THOSE of us who happen to be the sons of salesmen - otherwise known as the S.O.S. Club - always thought we knew what a salesman was, even though a lot of us also knew we could never cut it as salesmen ourselves. A salesman was a force, even beyond most fathers. He exuded energy. He exuded enthusiasm. He knew jokes, and he told them. Life was a stage, and somehow he had to hold it or he was lost. His step was confident, his handshake firm. He made eye contact. Charm, a deep voice, the proverbial shoeshine, and a smile - he used whatever assets he could summon to pull off that mysterious coup: the sale.
What a culture shock the S.O.S. Club has experienced lately! An effective salesman, it turns out, is not like that at all, according to the prevailing wisdom.
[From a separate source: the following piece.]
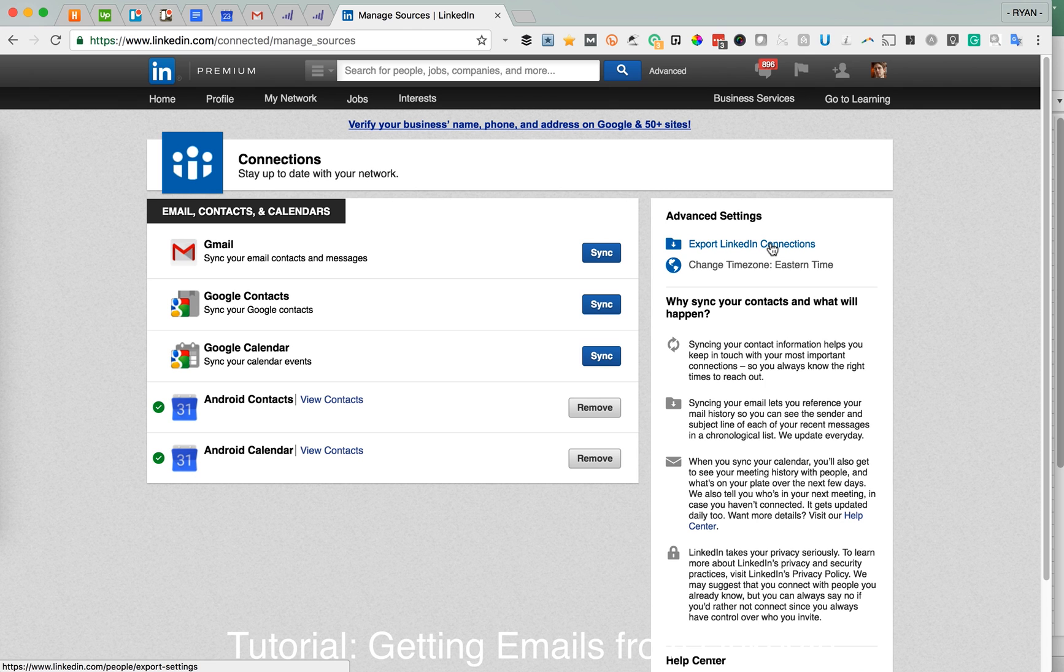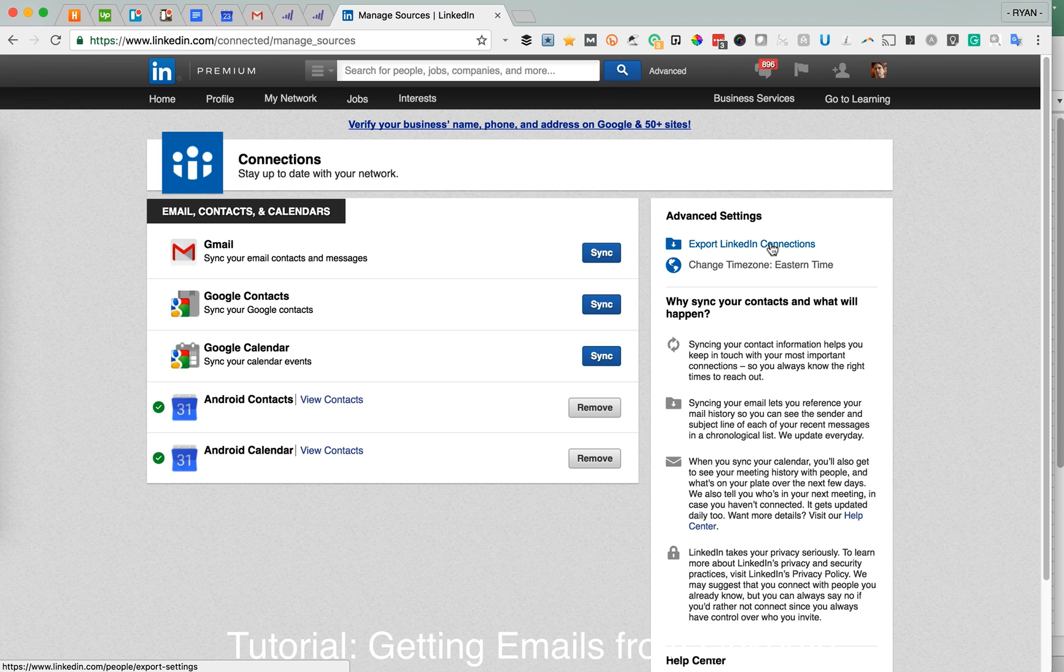So whether that's Outlook or Gmail, you can go into either one of those and export your emails from there, and you'll see what sort of format they look for for you to import emails, and you can just copy and paste the columns in there and make that happen.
We don't quite know how to say this, Dad, but the schools that train salesmen how to sell - Xerox Learning, Forum, Sandler Sales, Institute - appear to agree on one thing: ``If you want to be very successful in sales, do the opposite of what the old timers teach - the exact opposite.
Don't be ``hearty.''
Don't be ``happy.''
Don't even think ``positive.''
The best salesmen, these heretical institutions teach, are not the good talkers but the good listeners.
They do not have all the answers. In fact, their ``chief tools'' are questions.
They make a virtue of saying, ``I don't know.''
One imagines them sidling into the room, unnoticed, characterized only by their ``low pressure,'' their ``low visibility.''
``Who's the wimp in the corner?'' somebody finally says.
``That's no wimp, that's a salesman,'' somebody else says. ``Or rather, a specialist in `consultative selling.'''
Can we sons of salesmen believe in this shrinking violet - this genius of the tentative?
Do we want to believe in him?
As small boys, the shy sons of salesmen did not always appreciate their father's glad hand, his instant affability with complete strangers, his marginal letdown when he came off stage. But over the years most S.O.S. clubmen come to see a style and even a gallantry to the performance.
We're certainly not prepared to regard as an improvement this wobbler who says, ``I don't know,'' and asks us what we need instead of convincing us that we can't live another hour without his product, even if, as the saying goes, he's selling a refrigerator to an Eskimo.
We sons of salesmen realize that revisionism is all the fashion.
The best teachers are supposed to be those who say, ``I'm just a learner, too.''
The best ministers are supposed to be those who stand in the pulpit and announce, ``I'm here to share my doubts.''
All right. The world is upside down. Fish fly. Birds swim. Nuclear missiles are the best strategies for peace. We're supposed to be confounded.
But rest easy, Willy Loman. We who call ourselves S.O.S. will never admit that the best salesmen are those who don't, well, sell - and sell and sell.